Starting with the opening line of the entries below, transcribe each line exactly up to and including the one that has "Changan UNI-V 1.5T Premium - ფოტო 13"; pictures are not copied.

** WORKING DATA follows **

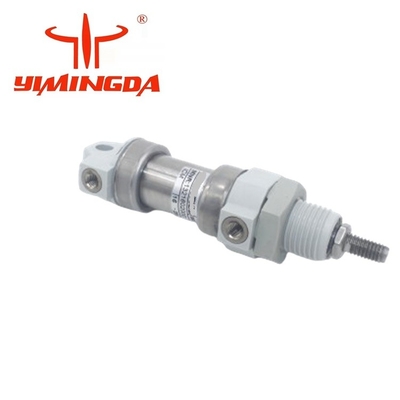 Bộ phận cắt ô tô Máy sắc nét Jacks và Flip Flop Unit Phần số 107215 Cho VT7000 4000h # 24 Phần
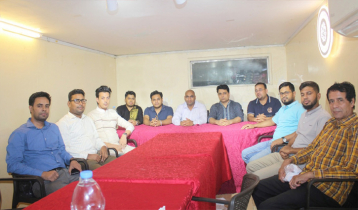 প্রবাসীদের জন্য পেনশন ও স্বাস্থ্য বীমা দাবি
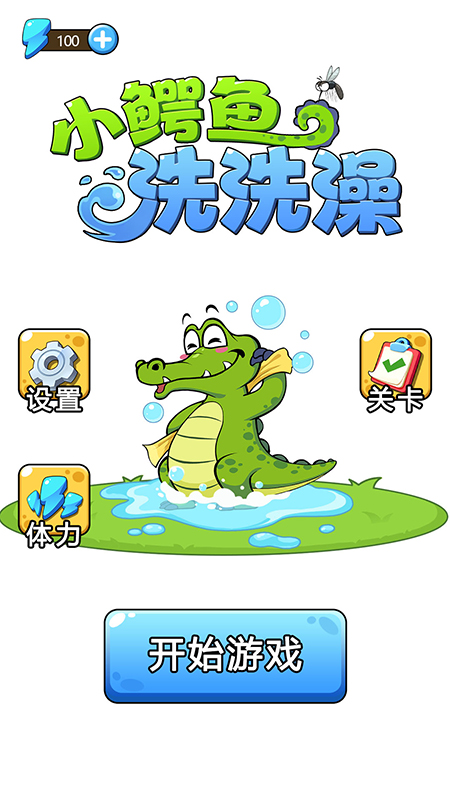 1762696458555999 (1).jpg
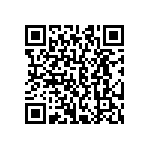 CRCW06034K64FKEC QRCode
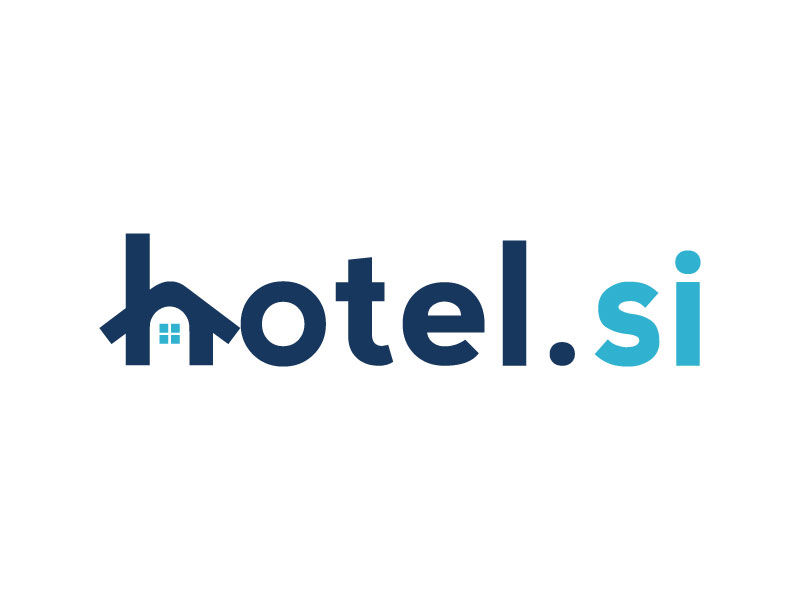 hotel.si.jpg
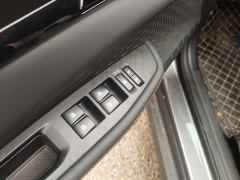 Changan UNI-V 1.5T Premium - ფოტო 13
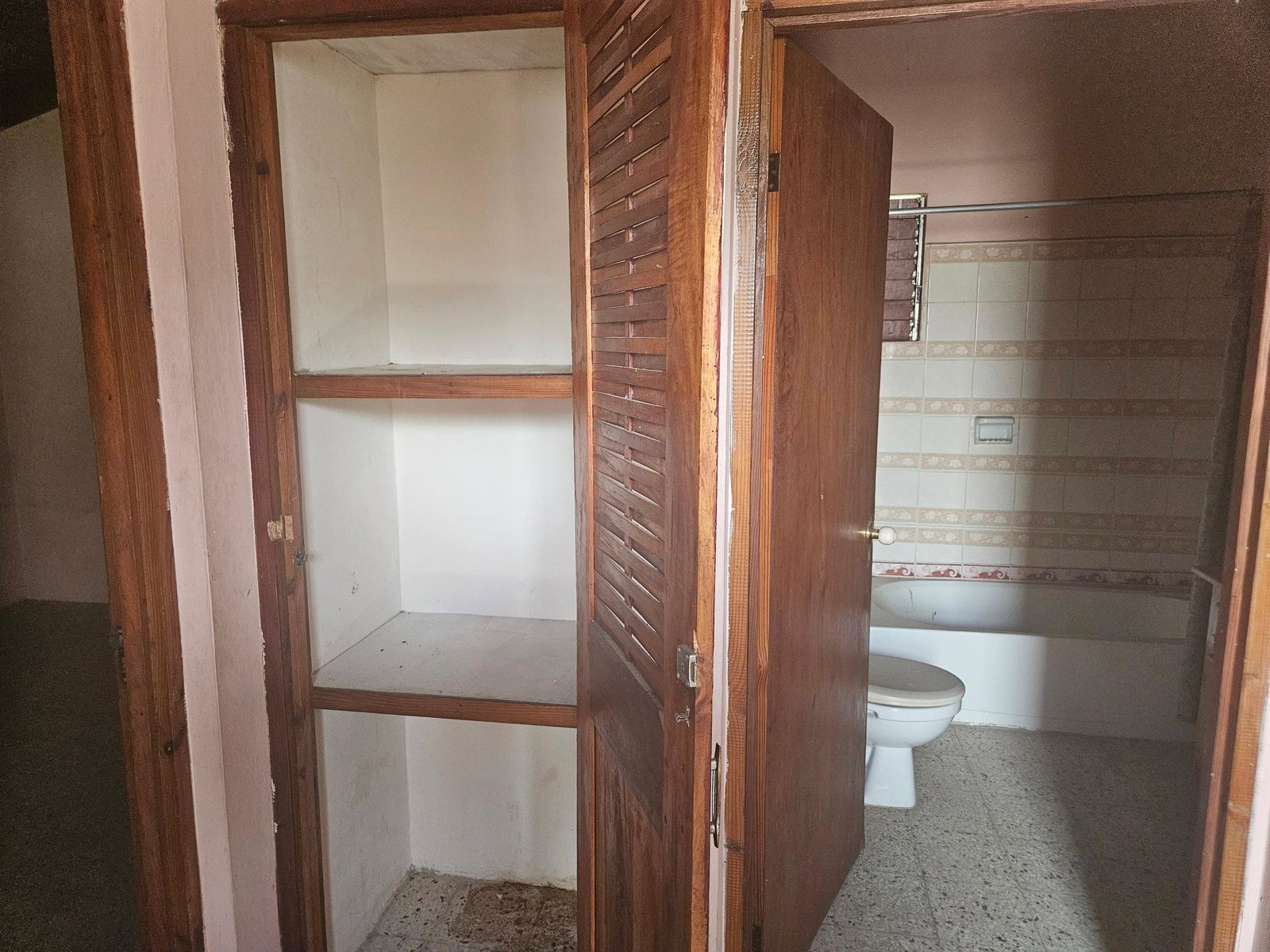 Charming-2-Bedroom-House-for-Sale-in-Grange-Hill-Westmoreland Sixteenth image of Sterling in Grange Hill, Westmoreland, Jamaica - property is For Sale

** End of WORKING DATA **

• RESPONSE:
 Bộ phận cắt ô tô Máy sắc nét Jacks và Flip Flop Unit Phần số 107215 Cho VT7000 4000h # 24 Phần
 প্রবাসীদের জন্য পেনশন ও স্বাস্থ্য বীমা দাবি
 1762696458555999 (1).jpg
 CRCW06034K64FKEC QRCode
 hotel.si.jpg
 Changan UNI-V 1.5T Premium - ფოტო 13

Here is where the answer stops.